Could have been the rats too..oh wait, we don't have any. And not sure they'd particularly jam cables (rather than bite them through anyway).

Sunday, December 26, 2010

Logic it makes none..

Today, 26th of December 2010 I ran into a couple of issues regarding Telecom, Blizzard, Microsoft and the BBC.

TELECOM: Now, why on earth - believe me, it makes no sense at all - is our internet connection (DSL 16000) cutting out again when doing a phone call - or accepting one. I mean come on, it is DSL...and cases of Internet simply just disappearing when using the phone haven't been around since ISDN. Then again, DSL kept disappearing like that a few months ago already, but it got fixed (how, I don't know) then started re-appearing again on the 6th/7th December for a few days straight. around the 20th or so the problems seem to have vanished, but they re-appeared last night. So now when you use the phone again - DSL will be cut off, router has to re-sync, etc.

BLIZZARD/MICROSOFT: Today after I rebooted (and no, I did not change a thing) World of Warcraft decided to not work anymore. Worked last night. Now it said I wasn't connected to the Internet. I was, actually had some sites open in Firefox, reloaded them, they worked. So I went a-check-ing for my WoW issue. Lots of sites suggested to either re-install or repair WoW - couldnt' be arsed since it did work last night and I made no changes at all, plus, I did try to run the repair option, which also told me that it could not connect to the Internet. I checked further, other sites were talking about router/firewall/port/proxy settings, which were also of no use, since there aswell, I did not change anything. I searched further. Apparently my issue was related to IE not working. Hm..I don't even use IE, but went checking, and indeed it did not seem to be able to connect to any sites. How come? I mean, Firefox and other applications work fine and are online. So wtf was it that IE is doing (or not doing). Fixed it, IE works now, and so does WoW. Weird. Should have an option to interact with my standard browser rather than IE because honestly - who in the world (other than Bill Gates maybe) cares about or uses IE? And who would actually find out that a program they don't even use at all is not working and thus causing other programs to not work aswell.

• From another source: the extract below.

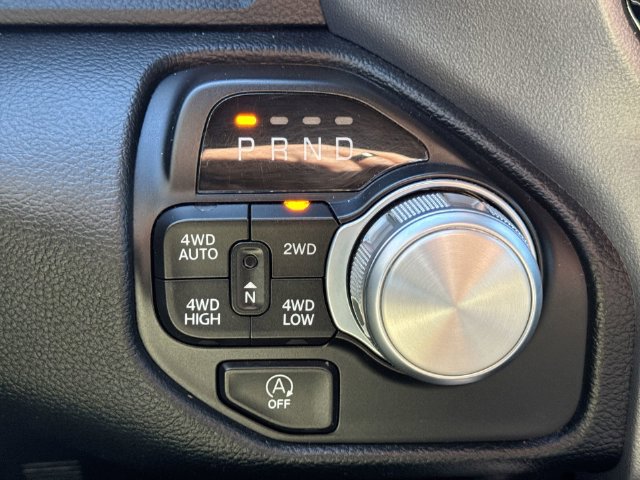 Used 2022 RAM 1500 Laramie AWD/4WD image 16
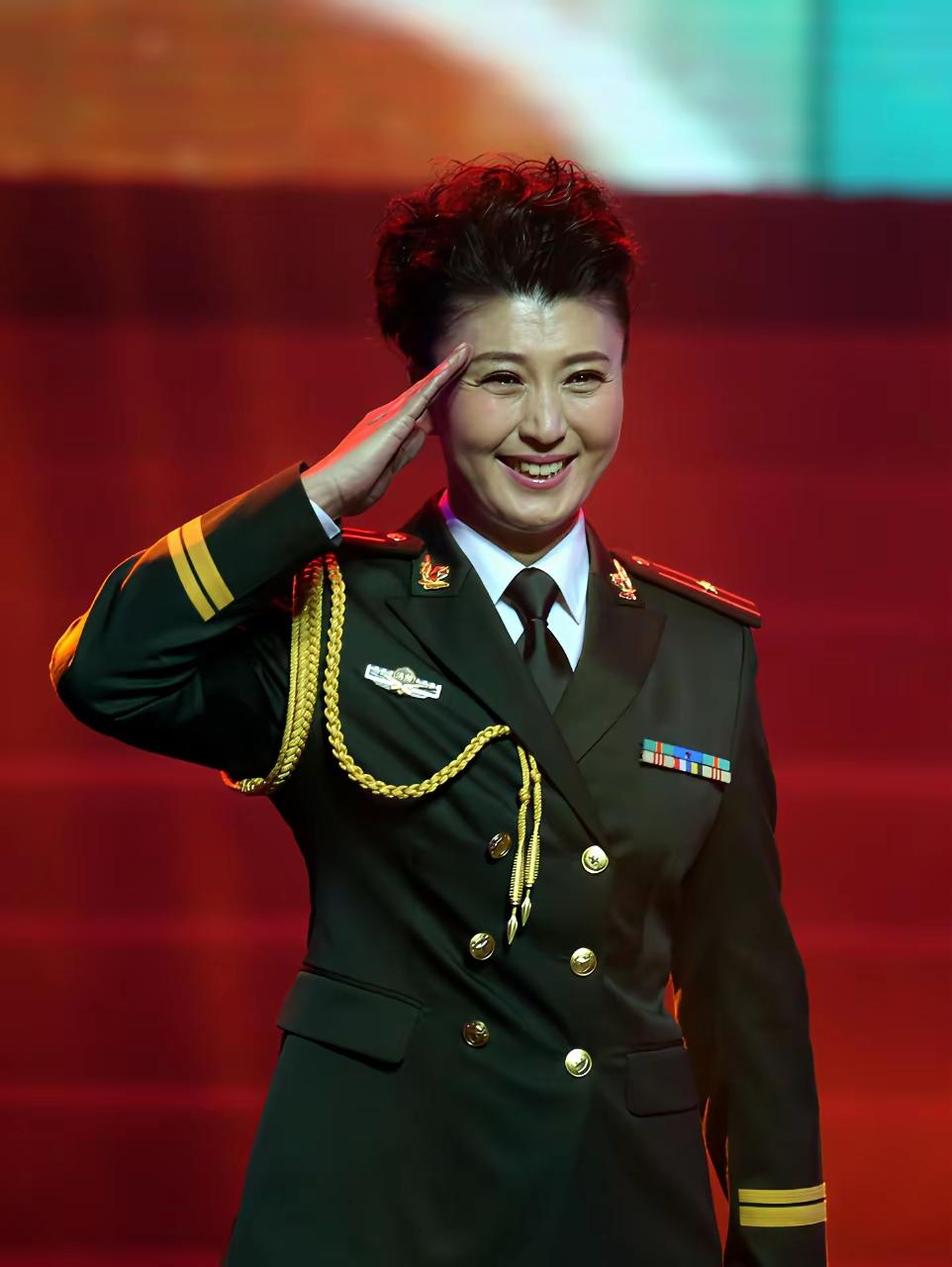 以前看过闫学晶的一些作品，还是蛮喜欢的，她的直播间从未进过，直到她在直播间里哭穷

BBC: Last but not least I'd like to complain about the British Broadcasting Corporation. Sure, their stuff and interviews are good. I like to watch them. However, my PC is not really capable of streaming 200+MB of video to have it play without interruption. So I prefer to download the file and watch it from harddisk. Now that is a problem for 2 reasons. Firstly, I'm not in the UK. Proxy Servers don't support videos. So using something else. Can watch the video, as stream. Now streaming is bad for above reasons. So figured out a way to download it. Download itself worked ok. Trying to open it I get a wild mess of fancy colors, but not the video I would like to see. So I figured out after some searching that the video has DRM protection. But why? It is a video, an interview, that was broadcast on TV over there. So imagine I would have been there (England) at the time of the broadcast, I could have taped it or something. But I wasn't. So download was the only good way for me. And normally, I would be able to play it fine if I had the licence, which of course it won't give to me, because I am not in the UK. I mean, it is just a simple interview with Julian Assange, I wouldn't sell it to anyone or reproduce it or anything, simply because no one cares anyway. >.< But I would love to see it in full, which is not possible through streaming due to crappy PC and I can't watch the download due to DRM license restrictions that it only works for UK people. Now, if they don't want to get their news out to the world, then they may as well take their site off the Internet, or make it so only people in the UK can view their entire site at all. But putting something on their site for only UK people to see which also interests other people...is silly. (If anyone in the UK has seen/downloaded the DRM license for http://www.bbc.co.uk/iplayer/episode/b00xnblc/BBC_News_Special_Wanted_for_Questioning_Julian_Assange/ I'd be grateful if they could give me their DRM key file, so I can actually watch the downloaded version of it (mobile or Media Player doesn't matter which. :)).